The point in time when IPv4 addresses would have been completely allocated
(and hence no new networks could have attached to the Internet) was the
subject of considerable debate. Based on current trends in address
allocation, the estimates of the two leaders of the IETF's Address Lifetime
Expectations working group were that addresses would become exhausted in
2008 and 2018 respectively [Solensky 1996]
. In 1996, the American Registry for Internet Number (ARIN)
reported that all of the IPv4 class A addresses have been assigned, 62%
of the class B addresses have been assigned, and 37% of the class C addresses
have been assigned [ARIN 1996]. While
these estimates and numbers suggested that a considerable amount of time
might be left until the IPv4 address space became exhausted, it was realized
that considerable time would be needed to deploy a new technology on such
an extensive scale, and so the "Next Generation IP" (IPng) effort [Bradner
1996], [RFC1752]was begun. An excellent on-line
source of information about IPv6 is The
IP Next Generation Homepage. An excellent book is also available on
the subject [Huitema 1997].
4.7.1 IPv6 Packet Format
The format of the IPv6 packet is shown in Figure 4.7-1. The most important
changes introduced in IPv6 are evident in the packet format:
-
Expanded addressing capabilities. IPv6 increases the size
of the IP address from 32 to 128 bits. This insures that the world
won't run out of IP addresses. Now, every grain of sand on the planet can
be IP-addressable. In addition, the address space contains
new hierarchical structure, allocating portions of the enlarged address
space to geographical regions [RFC 1884].

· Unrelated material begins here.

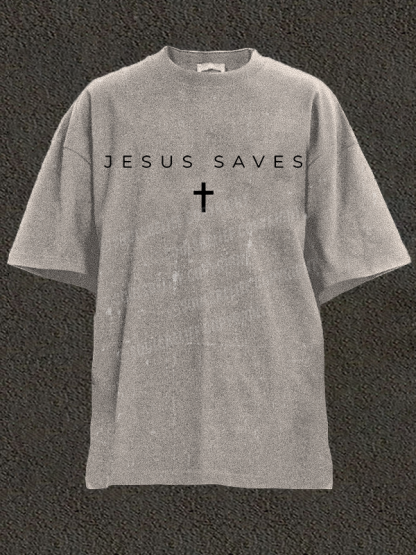 Jesus Saves Christian Washed T-Shirt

In addition to unicast and multicast addresses, a new type of address,
called an anycast address, has also been introduced, which allows
a packet addressed to an anycase address to be delivered to any one of
a group of hosts. This feature could be used, for example,
to send an HTTP GET to the nearest of a number of mirror sites that contain
a given document).
-
A streamlined 40 byte header. As discussed below, a number
of IPv4 fields have ben dropped or made optional. The resulting 40-byte
fixed-length header allows for faster processing of the IP packet.
A new encoding of options allows for more flexible options processing.
-
Flow labeling and priority. IPv6 has an elusive definition
of a "flow." [RFC 1752] and [RFC
2460] state this allows "labeling of packets belonging to particular
flows for which the sender requests special handling, such as a non-default
quality of service or real-time service." For example, audio and
video transmission might likely be treated as a flow. On the other
hand, the more traditional applications, such as file transfer and
email might not be treated as flows. It is possible that the traffic
carried by a high-priority user (e.g., someone paying for better service
for their traffic) might also be treated as a flow. What is clear,
however, is that the designers of IPv6 foresee the eventual need to be
able to differentiate among the "flows," even if the exact meaning of a
flow has not yet been determined. The IPv6 header also has a 4-bit
priority
field. This field, as the TOS field in IPv4, can be used to give priority
to certain packets within a flow, or it can be used to give priority to
datagrams from certain applications (e.g., ICMP packets) over packets from
other applications (e.g., network news).
Figure 4.7-1: IPv6 packet format
The IPv6 packet format is shown in Figure 4.7-1. As noted above,
a comparison of Figure 4.7-1 with Figure 4.4-8 reveals the simpler, more
streamlined structure of the IPv6 packet. The following packet fields
are defined in IPv6:
-
version. This four bit field identifies the IP version number.
Not surprisingly, IPv6 carries a value of "6" in this field. Note
that putting a "4" in this field does not create a valid IPv4 packet (if
it did, life would be a lot simpler -- see the discussion below regarding
the transition from IPv4 to IPv6.
-
priority. This four bit field is similar in spirit to the
ToS field we saw in IP version 4. [RFC 2460]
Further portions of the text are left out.